Thursday, April 4, 2013

Burmese Toddy

Visiting the imminently-opening country of Myanmar (Burma) was amazing and I highly recommend it.  (Though you might have to keep an eye on the news to avoid sectarian violence in certain places.)  An embarrassment of ancient Buddhist temples and some of the friendliest people you'll find anywhere.




Beer-wise, it's much like the rest of southeast Asia - almost exclusively macro light lager.  Our bus drove by a very new-looking and certainly government- or crony-owned brewery in Yangon that brews Myanmar, Tiger, ABC and other beers under contract, for domestic consumption.




Far from the macro brewery, along the roadside near the Bagan temple area in central Burma, are palm sugar "factories."  These are really just stands of sugar palms punctuated occasionally by a family-run thatched hut where the sugar is refined.  Tourists can stop and see the process, try the wares and make a donation/purchase if so inclined.

Grinding peanuts into oil is also a merry-go-round for this kid. The ride ends when you stop whipping the ox

Collecting sugar palm juice is a little like collecting maple syrup, but requires decent climbing skills.  You lop off one of the branches at the top of the tree, and hang a pot below the wound to collect the dripping sap.


Every morning you must scale a rickety bamboo ladder lashed to the tree in order to empty the juice pots into a pot hanging off your waist belt.


This requires entwining your legs through the ladder so that your hands are free.  While you're up there, you re-score the palm branch wound with a palm knife so that the sap keeps flowing.

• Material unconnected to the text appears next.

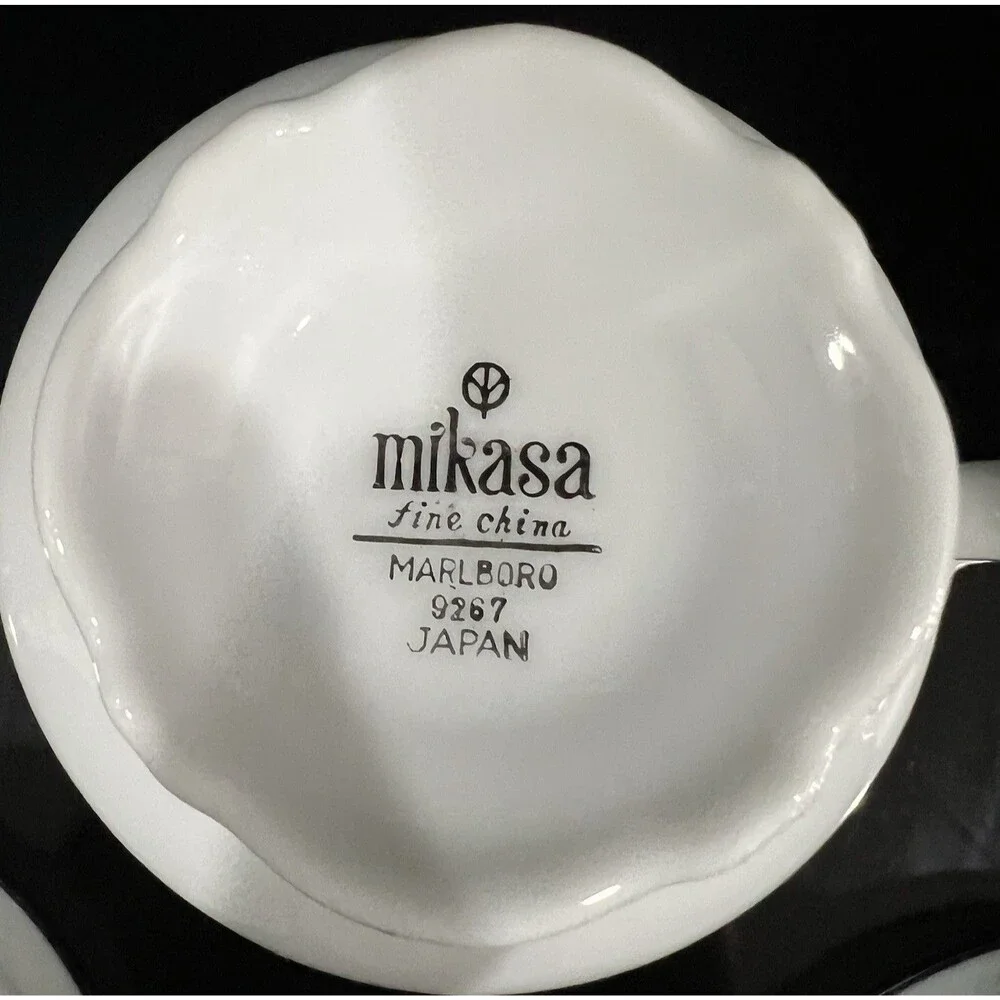 Set of 3 Mikasa Marlboro Footed Tea Cups 9267 Platinum Trim White Fine China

The result is sweet, woody juice with more than a few dead but happy ants floating in it.  Then it's off to the refining hut.


The juice is heated in metal bowls fired by the branches cut from the palms.  After some hours of boiling and reduction, followed by some drying, you get...


...palm sugar nuggets, also known as jaggery. Woody and sweet, but not nearly as toothache-inducing as table sugar.  Important in much southeast Asian cooking.

That's all well and good, but what does this have to do with beer?  Another use for palm juice is to let it sit overnight in an open container.  Wild yeast combined with the high environmental heat mean that the container will have a big, meringue-like krausen by the next morning - natural fermentation a la Belgian lambic beer.


The fermented palm juice is called toddy (at least that's what the British named it back in colonial times), and it's drunk fresh that same day as a weak beer-like beverage (probably just a couple of percent ABV).  If you wait until the next day, it has "gone off" and is considered undrinkable.  (I'm guessing the residual sugars would be largely gone by then, and the wild yeast would have produced many earthy and sour flavours.)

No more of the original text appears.